Golden Camel wants to bring the Vegas sportsbook experience to your pocket

The startup’s founders believe the future of sports wagering isn’t sharper tools—it’s a better time.

Over the past decade, most innovation in sports betting apps has followed a familiar playbook: more data, more tools, more ways to optimize. But the founders of Golden Camel believe the industry has overlooked something essential: the fact that most people aren’t trying to beat the house—they’re just trying to have a good time.

That contrarian belief sits at the center of Golden Camel’s origin story, which itself started as anything but fun. Nearly 10 years ago at the opening of Levi’s Stadium, Ryan Magrum and Artie Baxter, two of the now-cofounders, witnessed themselves cycling between offshore sportsbooks instead of enjoying the game. As Magrum put it: “We realized two things… we lost every bet and we missed out on an amazing experience because we were glued to our phones.” It became the seed for an app that keeps betting in one place rather than pulling fans away from the action.

To actually build it, though, they needed someone who understood product. Enter Ben Ramirez, a San Francisco-based designer and startup veteran who spent 20 years in tech, including early-team work at social influence pioneer Klout. 

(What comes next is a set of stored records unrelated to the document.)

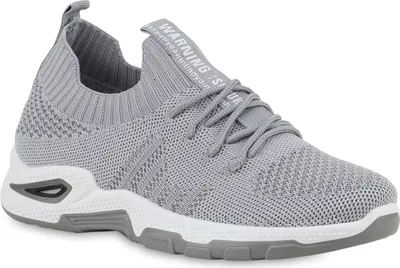 Produktbild von VAN HILL Damen Laufschuhe Sportschuhe Sportliche Strick Profil-Sohle Schuhe 841672, Farbe: Grau, Größe: 36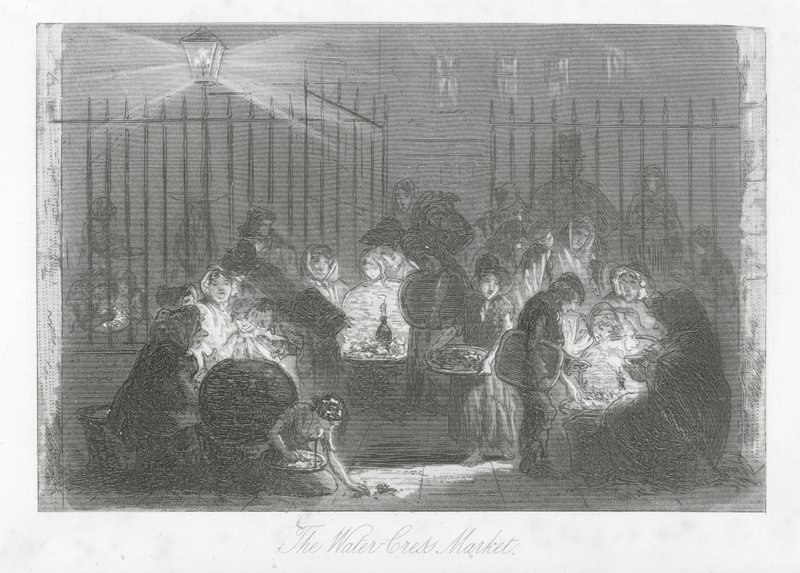 Londense straten: De Waterkersmarkt door Hablot Knight (1815 92) Browne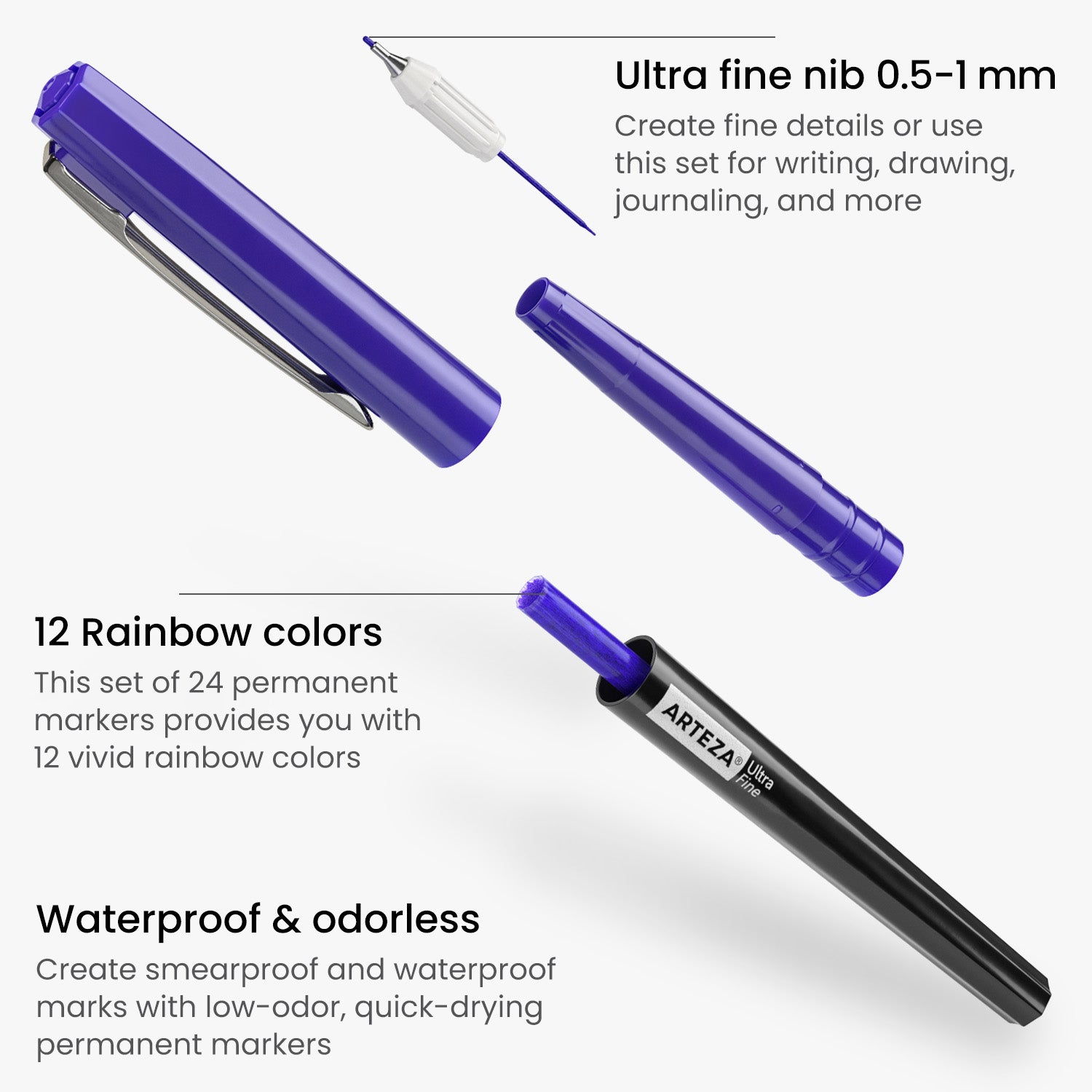 ARTEZA Black Fineliner Pens Set of 12 Ultra-Fine Point Pens for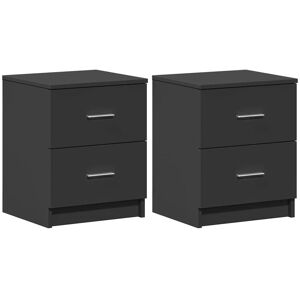 Alpen Home Bedside Cabinets 2 Pcs With 2 Drawers 40X36x50 Cm Black 50cm H X 40cm W X 36cm D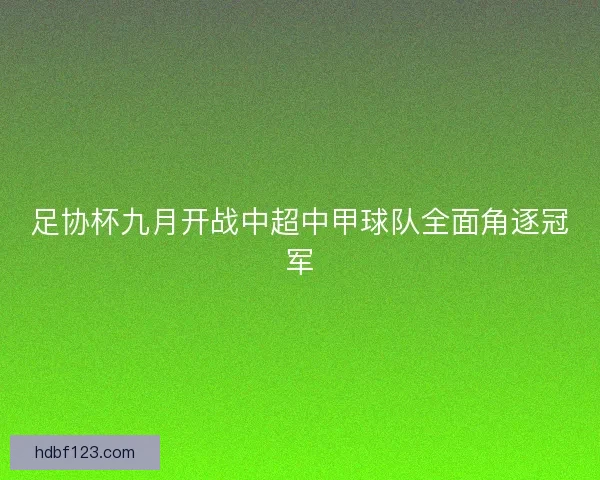 足协杯九月开战中超中甲球队全面角逐冠军 足协杯九月开战中超中甲球队全面角逐冠军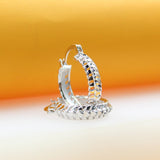18K Rhodium Filled Textured Hoop Earrings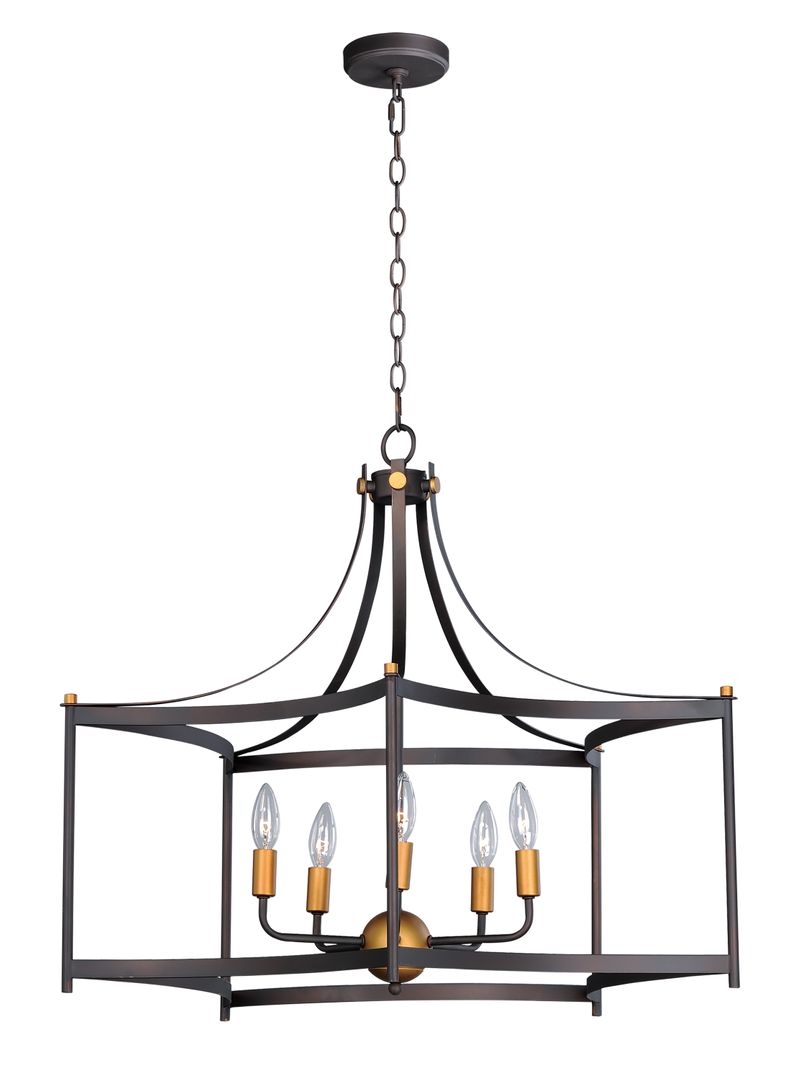 Wellington 30' 5 Light Entry Foyer Pendant in Oil Rubbed Bronze Antique Brass
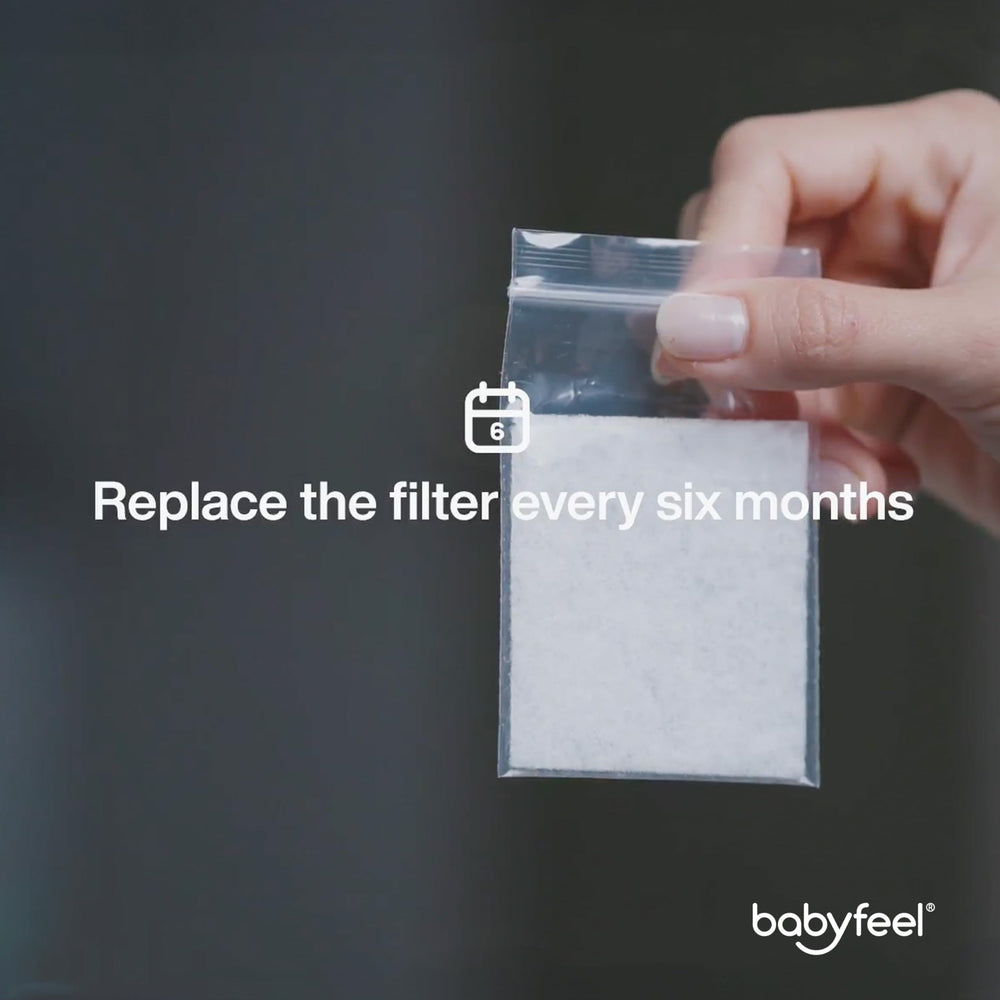 Babyfeel replacement filter close-up showing filtration material for effective sanitization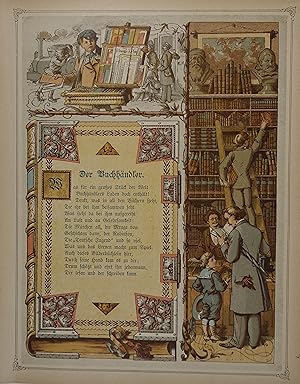 Imagen del vendedor de Der Buchhndler. Chromolithographie aus Mrlin "Das Buch der Stnde". Hamburg 1892, 24 x 18 cm a la venta por Antiquariat Johannes Mller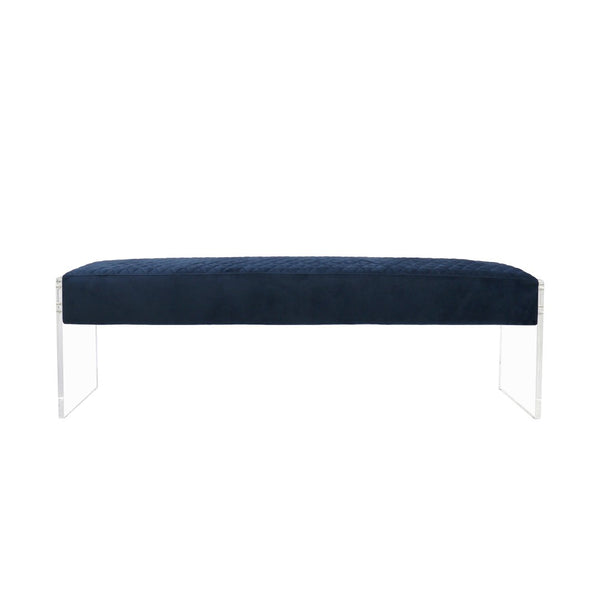 Pasargad Home Tribecca Velvet Upholstered Vanity Seat With Acrylic Base For Modern Decor Elegance Navy Acrylic & Velvet Bench-137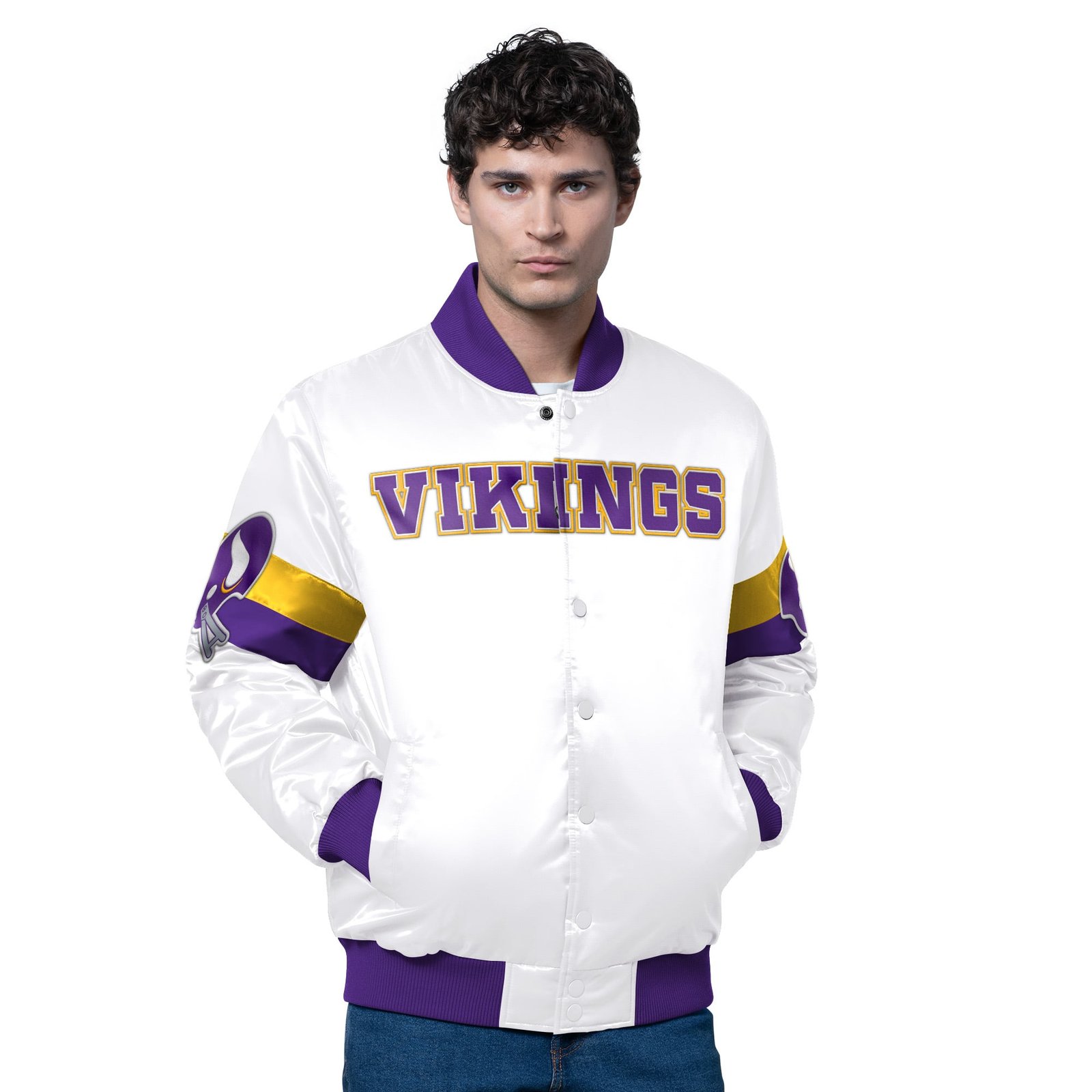 Men’s Starter White Minnesota Vikings Triple Option Satin Varsity Full-Snap Jacket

When the pair pitched him the idea, Ramirez saw the opportunity through a slightly different lens. He believed the real value went beyond streamlining box scores and bets into one place, and was instead sitting within the emotional energy of betting itself. “We wanted it to feel like a sportsbook in your pocket… being in Vegas, sitting in a sportsbook with people next to you, you’re having fun, you're drinking some beers… we wanted to capture that emotion,” he said.

Today, Golden Camel has evolved into an all-in-one betting companion that pulls a bettor’s world into a single screen. The app aggregates wagers across multiple sportsbooks, tracks live scores and props in real time, and surfaces clean, confidence-driven AI insights for users who want more context without drowning in data. The result is a unified, easy-to-navigate hub that strips out the clutter and lets bettors follow the action without juggling multiple apps simultaneously.

That ethos is embedded across the product and brand. The team openly rejects the idea that most users should be chasing edges. “We have a neon sign in our office that says, you bet you lose,” Magrum said. “We’re leaning into the entertainment side and the community side… you can go put 10 bucks on a crazy parlay with your buddies and drink a couple beers and it costs the same as if you went to go see a movie.”

Golden Camel also offers a subscription tier that unlocks AI sims and prop projections, but the founders are careful about how they frame it. The goal isn’t to transform casual bettors into pros, but rather to give them context. “We have the tools, we just don’t have it in your face,” Baxter said. 

That philosophy extends to their go-to-market in Arizona, where they’ve built a physical content studio, launched their Desert Donkeys podcast, and positioned the brand as an approachable, community-driven hub for local fans. “Think Golden Camel, think fun, think entertainment,” Baxter said.

With more states legalizing, prediction markets reshaping expectations, and betting culture moving from taboo to mainstream, the team feels they’re early in a big shift. Ramirez sees a widening audience finally ready for a product like this: “If we have an app that’s approachable and easier to use… it’s easier to dip your toe in.”

Looking to 2026, the team is focused on launching a rebuilt website, hitting audience growth targets, and scaling at a steady, sustainable pace, but the core philosophy isn’t changing. Golden Camel wants betting to feel like entertainment, or as they put it: “fun,” “simple” and community-driven, and not another data-heavy grind.